> _Exercise materials_:
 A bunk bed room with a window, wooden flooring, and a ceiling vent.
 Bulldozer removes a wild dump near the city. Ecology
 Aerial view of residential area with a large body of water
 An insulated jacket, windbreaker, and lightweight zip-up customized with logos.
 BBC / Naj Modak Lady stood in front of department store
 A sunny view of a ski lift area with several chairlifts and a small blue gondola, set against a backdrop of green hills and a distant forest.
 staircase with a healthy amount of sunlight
* * *
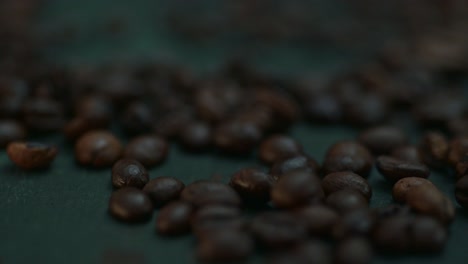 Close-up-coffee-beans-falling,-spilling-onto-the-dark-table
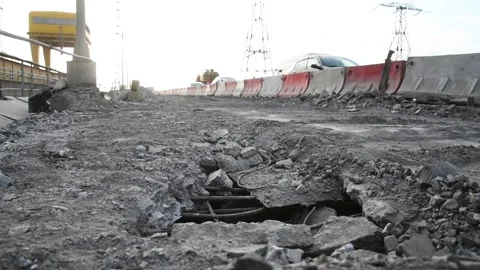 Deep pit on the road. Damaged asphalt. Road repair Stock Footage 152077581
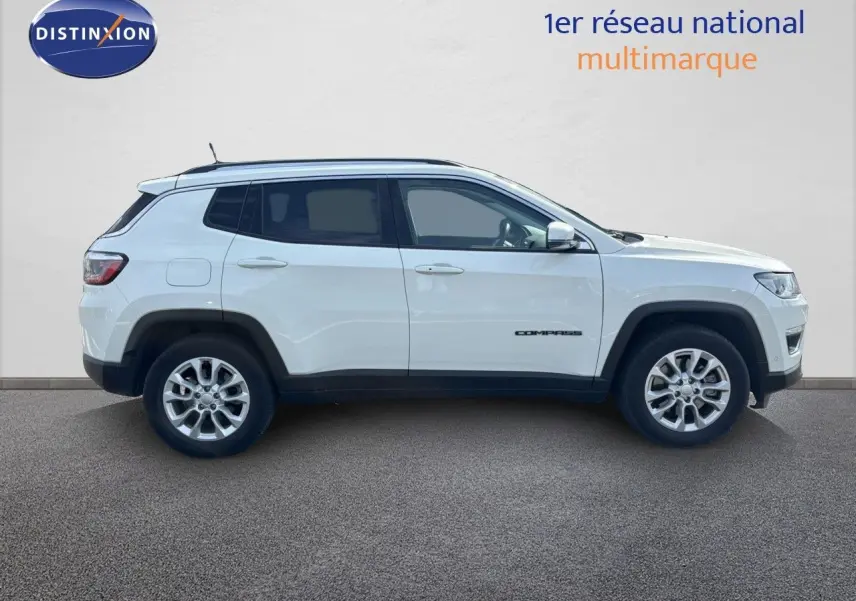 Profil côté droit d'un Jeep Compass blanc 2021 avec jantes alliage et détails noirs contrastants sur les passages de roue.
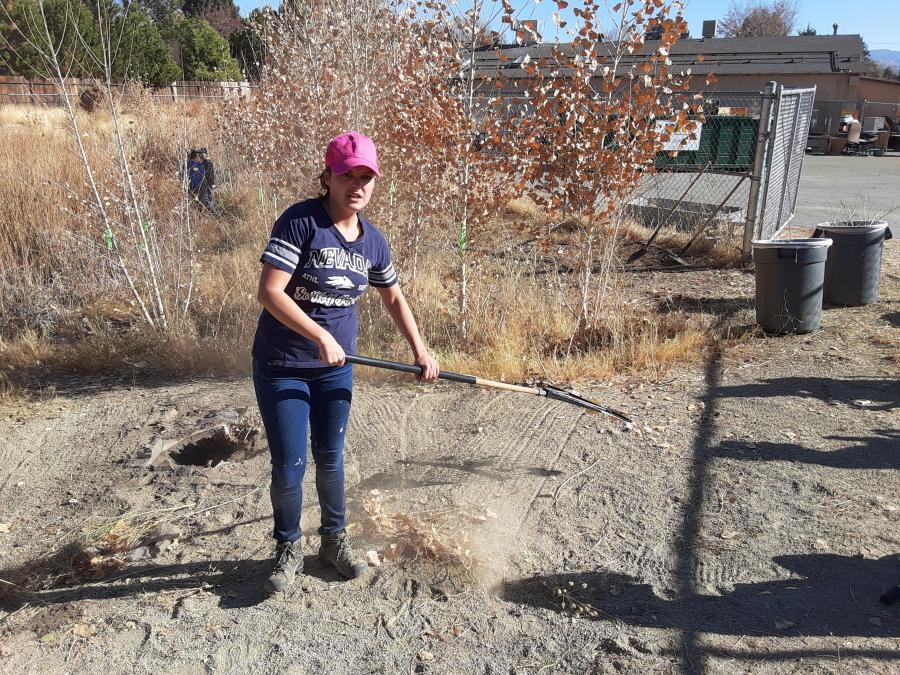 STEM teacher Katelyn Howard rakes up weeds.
...
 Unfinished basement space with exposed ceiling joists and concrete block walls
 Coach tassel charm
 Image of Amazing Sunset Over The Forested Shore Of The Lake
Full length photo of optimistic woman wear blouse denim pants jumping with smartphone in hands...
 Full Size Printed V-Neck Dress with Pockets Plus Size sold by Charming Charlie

> _What the task asks_:
Pull out all lines from the entries above in which the word "ceiling" appears.

> _Response to the exercise_:
 A bunk bed room with a window, wooden flooring, and a ceiling vent.
 Unfinished basement space with exposed ceiling joists and concrete block walls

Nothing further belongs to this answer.